• [Your task]:
This exercise calls for the records to be returned exactly, with images removed.

• [Available records]:
━━━
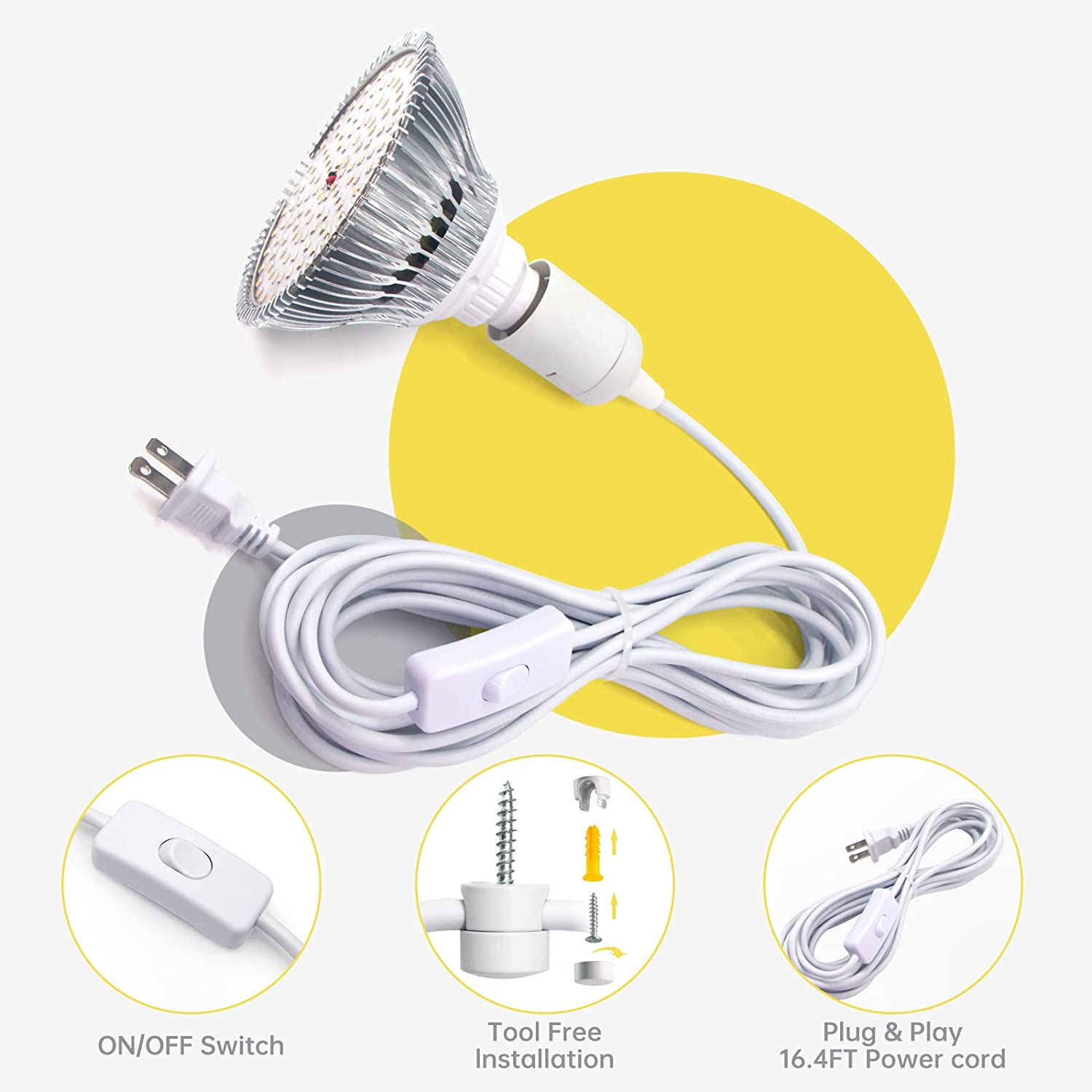 Bstrip LED Grow Light Bulb for Indoor Plants with Hanging System, 25W Full Spectrum, Plant Light Bulbs with 16.4FT Power Cord, Pendant Grow Lights for Indoor Plants, Flowers, Garden, Greenhouse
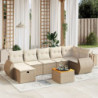 8-tlg. Garten-Sofagarnitur mit Kissen Beige Poly Rattan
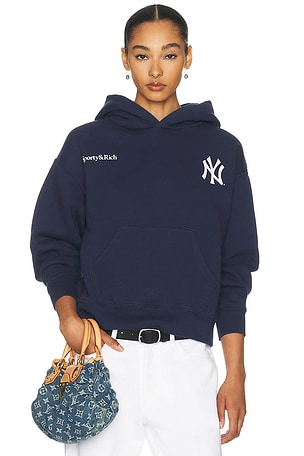 Sporty & Rich x Yankees Curve Hoodie in Navy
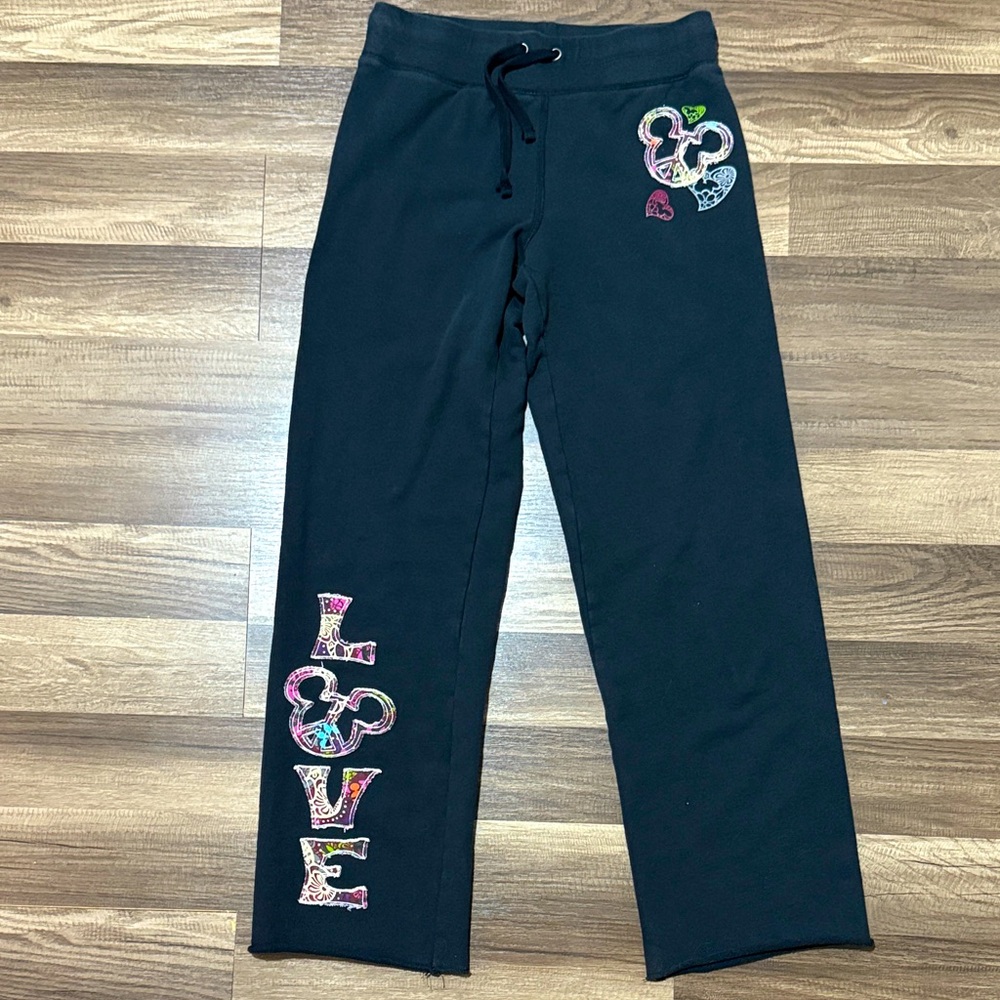 Y2k Disney Parks Mickey Mouse Wide Leg Black Sweatpants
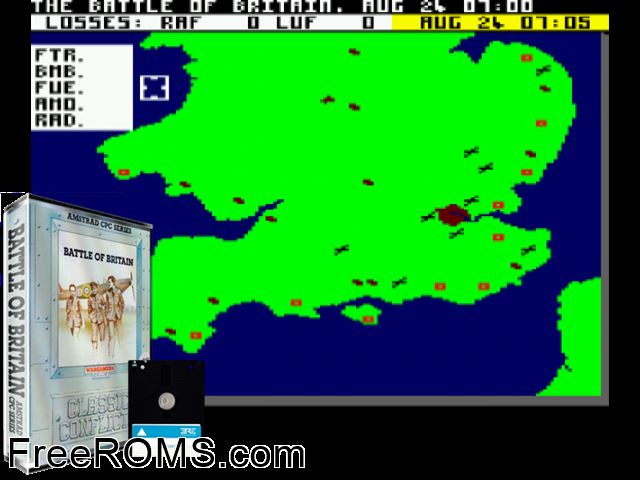 Batalla De Inglaterra (S) (19xx) Amstrad CPC game showing 3D box cover and gameplay screenshot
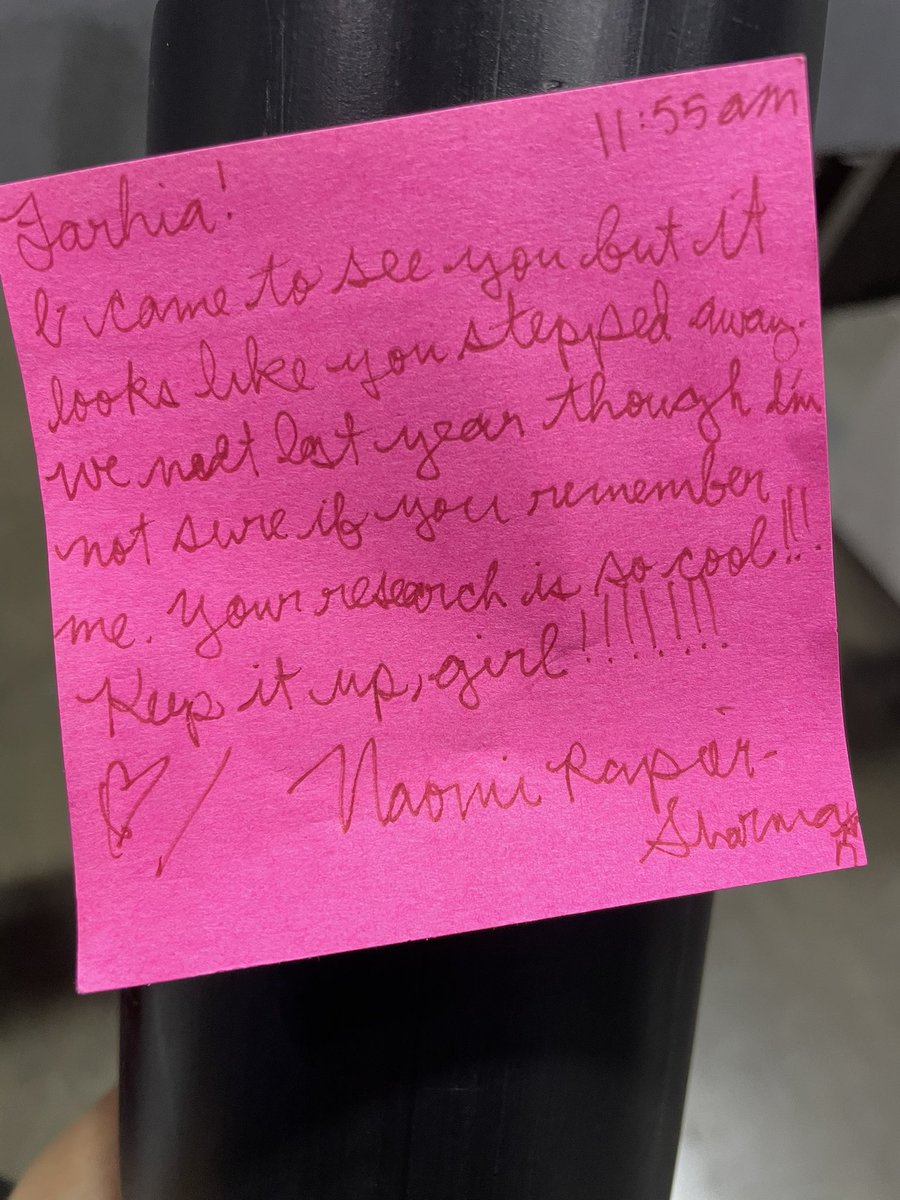 farhia_kabeer's tweet photo. Found a cute note on my poster today. Thanks for this Naomi ๐very encouraging!!
#AACR2023 #ovariancancerevolution
#clonaldynamics #singlecellsequencing
#noncytotoxic #targetedtherapies https://t.co/aln2HTnaHd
━━━
• [Reply]:
 Bstrip LED Grow Light Bulb for Indoor Plants with Hanging System, 25W Full Spectrum, Plant Light Bulbs with 16.4FT Power Cord, Pendant Grow Lights for Indoor Plants, Flowers, Garden, Greenhouse
 8-tlg. Garten-Sofagarnitur mit Kissen Beige Poly Rattan
 Sporty & Rich x Yankees Curve Hoodie in Navy
 Y2k Disney Parks Mickey Mouse Wide Leg Black Sweatpants
 Batalla De Inglaterra (S) (19xx) Amstrad CPC game showing 3D box cover and gameplay screenshot
 farhia_kabeer's tweet photo. Found a cute note on my poster today. Thanks for this Naomi ๐very encouraging!!
#AACR2023 #ovariancancerevolution
#clonaldynamics #singlecellsequencing
#noncytotoxic #targetedtherapies https://t.co/aln2HTnaHd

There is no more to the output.